We wtorek w Madrycie zostały rozegrane pierwsze dwa ćwierćfinały. Do półfinału awansowała Aryna Sabalenka i czekała na rywalkę. Wyłoniło ją starcie Marii Sakkari (WTA 9) z Iriną-Camelią Begu (WTA 35). Był to maraton, który zakończył się zwycięstwem Greczynki 6:7(3), 6:4, 6:2.
W trzecim gemie Sakkari oddała podanie, by po chwili zaliczyć przełamanie powrotne. Na korcie trwała twarda batalia o każdy punkty. Wymiany były urozmaicone ze zmianami tempa i kierunków. Dbała o to przede wszystkim Begu, która podnosiła piłkę i dążyła do przedłużania gry.
Rumunka była na korcie staranniejsza i skuteczniejsza w najważniejszych akcjach. Greczynka nie wytrzymywała dłuższych wymian i więcej psuła. Borykała się również z serwisem. W siódmym gemie oddała podanie podwójnym błędem. W ósmym emocji było co niemiara. Sakkari miała cztery break pointy, ale ostatecznie Begu pdwyższyła na 5:3.
ZOBACZ WIDEO: #dziejesiewsporcie: to się nazywa urlop! Relaks Jędrzejczyk pod palmami
W końcówce nie brakowało dramaturgii i przełamań. Sakkari wymusiła na rywalce błąd głębokim krosem forhendowym i wyrównała na 5:5. Po chwili oddała podanie pakując forhend w siatkę. Greczynka ponownie odrobiła stratę i o losach zażartego seta zadecydował tie break. W nim żelazną konsekwencją wykazała się Begu. Od 2-3 zdobyła pięć punktów z rzędu. Seta zakończyła asem.
Pierwsze trzy gemy II partii zakończyły się przełamaniem. Dwa uzyskała Sakkari, która po pewnym utrzymaniu podania prowadziła 3:1. Później wydarzenia na korcie potoczyły się dużo szybciej. Begu utraciła płynność swoich zagrań i popełniała więcej pomyłek. Podwójny błąd kosztował ją stratę serwisu w siódmym gemie.
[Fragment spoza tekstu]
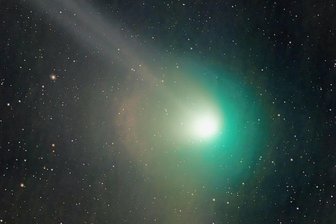 Im Erzgebirge sind die Teleskope auf den grünen Kometen gerichtet - Den grünen Kometen kann man bei Beobachtungsabenden in den Sternwarten Schneeberg und Drebach sehen. 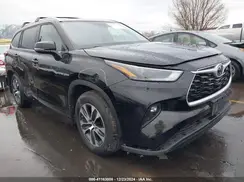 5TDHZRBH1NS178018 2022 TOYOTA HIGHLANDER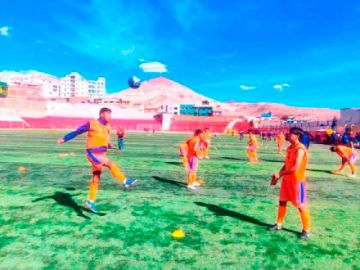 Planteles trabajan en el trato del balón para asegurar un triunfo en la cuarta fecha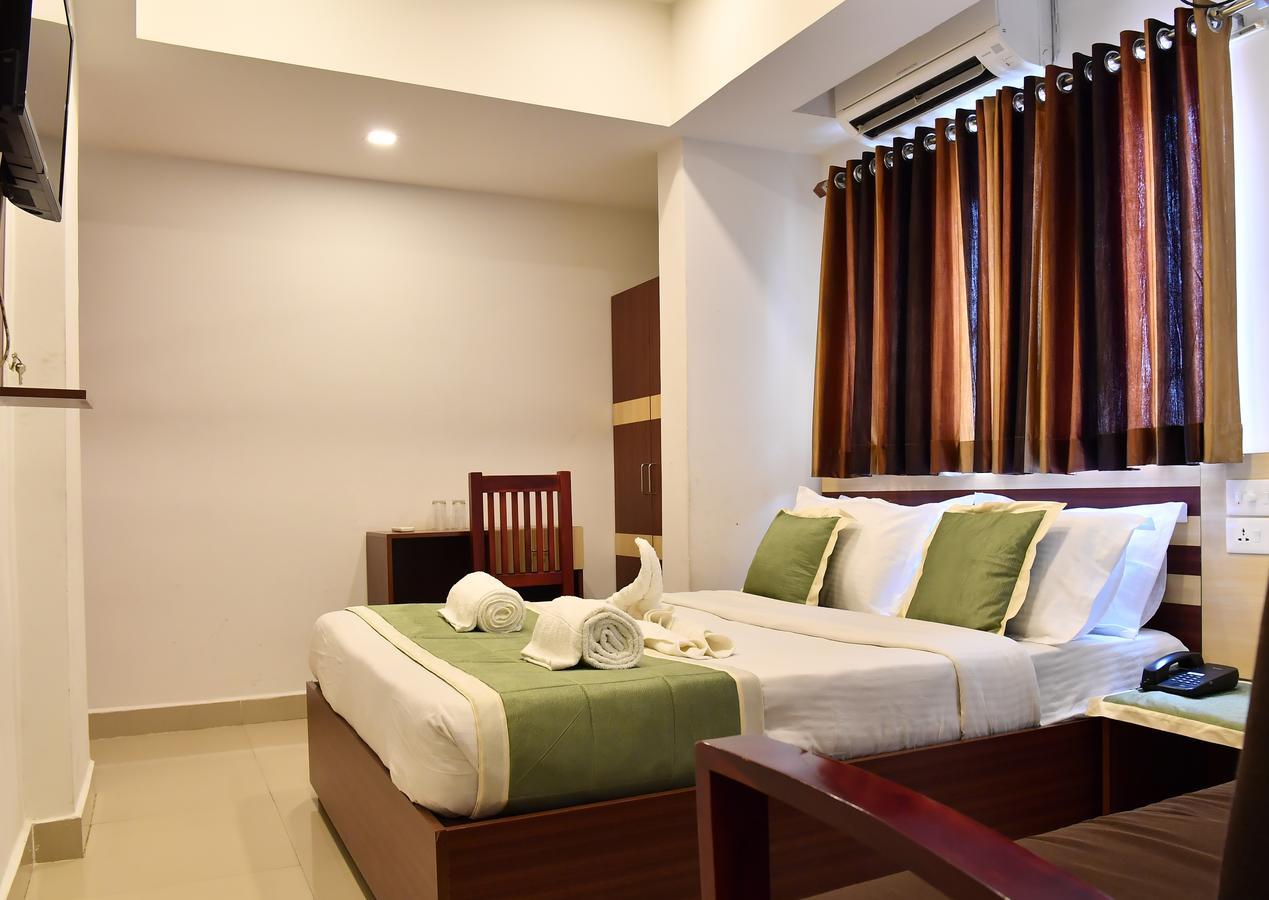 Oyo 18604 Puthens Capitol Inn Kochi المظهر الخارجي الصورة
Rumunka ruszyła w pogoń i z 2:5 zbliżyła się na 4:5. Na więcej nie pozwoliła jej Sakkari, która przy 5:4 wykorzystała drugą piłkę setową.
W III secie Sakkari mogła przegrywać 0:2, ale utrzymała podanie po obronie dwóch break pointów. Po wyjściu z opresji uzyskała przełamanie po twardej walce na przewagi. Kolejne gemy wciąż były bardzo zacięte. W kluczowych akcjach większym zdecydowaniem i opanowanie wykazywała się Sakkari. W szóstym gemie Greczynka zniwelowała break pointa kapitalnym wolejem.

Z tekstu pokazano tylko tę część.